▼

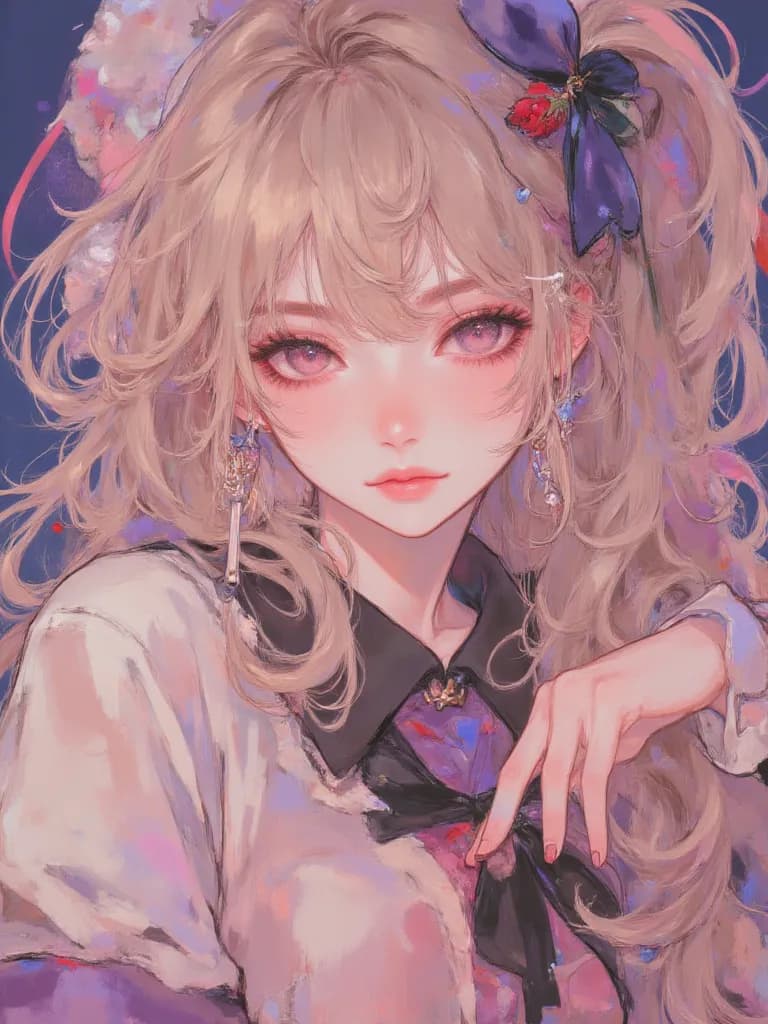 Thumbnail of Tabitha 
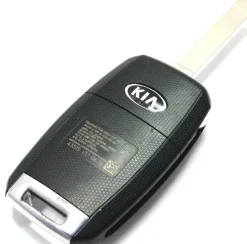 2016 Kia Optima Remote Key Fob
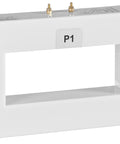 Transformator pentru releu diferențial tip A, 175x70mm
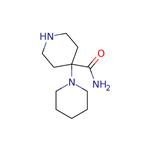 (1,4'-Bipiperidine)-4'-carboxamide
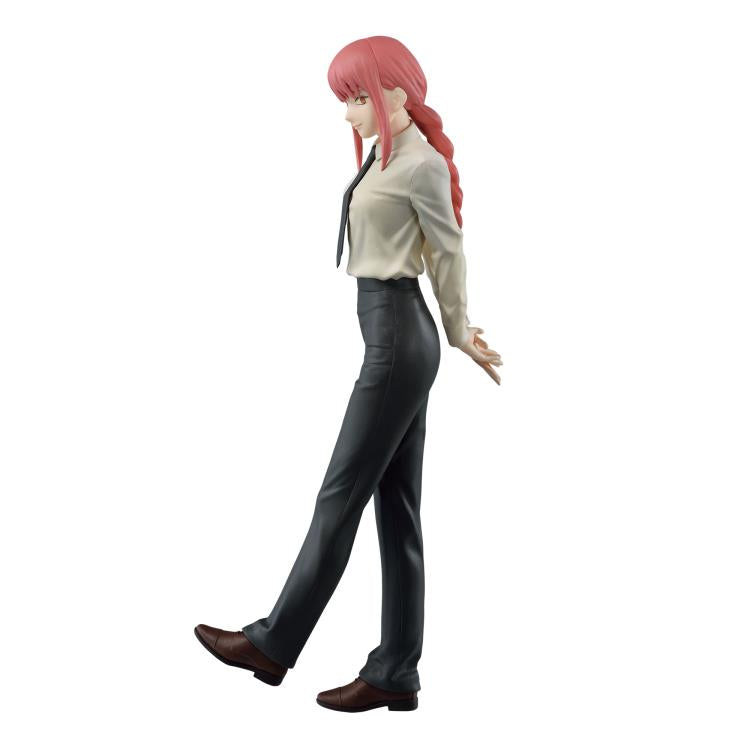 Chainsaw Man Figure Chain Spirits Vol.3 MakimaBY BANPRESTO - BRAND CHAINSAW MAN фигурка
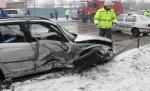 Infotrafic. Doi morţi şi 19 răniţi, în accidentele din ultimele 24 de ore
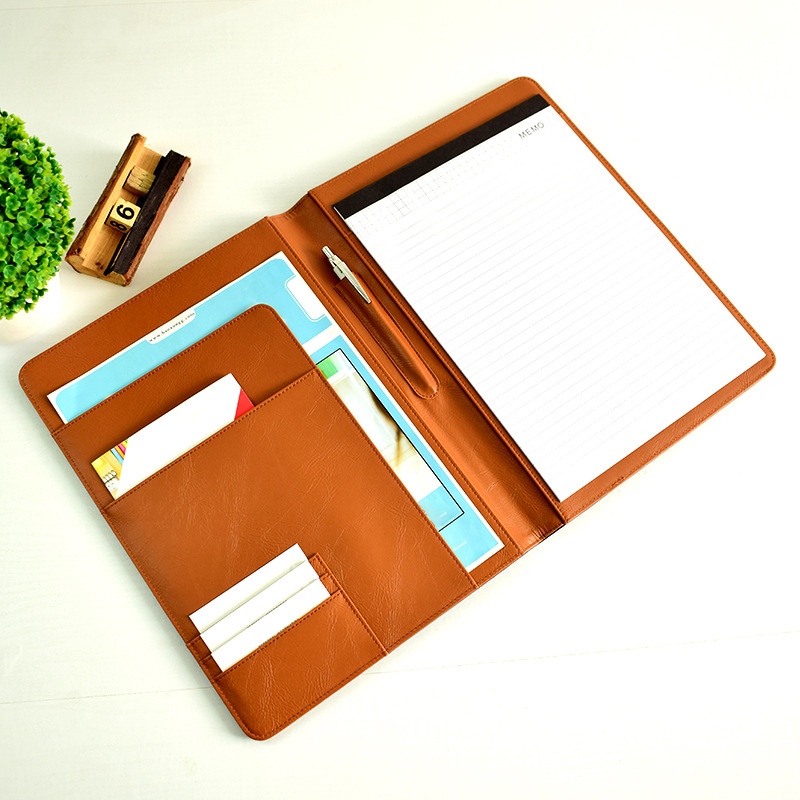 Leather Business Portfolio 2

▲

__Directions for this task__
From the line containing "(1,4'-Bipiperidine)-4'-carboxamide" down to the last line of the entries above, set down every line exactly. Omit all pictures.

__Solution to this task__
 (1,4'-Bipiperidine)-4'-carboxamide
 Chainsaw Man Figure Chain Spirits Vol.3 MakimaBY BANPRESTO - BRAND CHAINSAW MAN фигурка
 Infotrafic. Doi morţi şi 19 răniţi, în accidentele din ultimele 24 de ore
 Leather Business Portfolio 2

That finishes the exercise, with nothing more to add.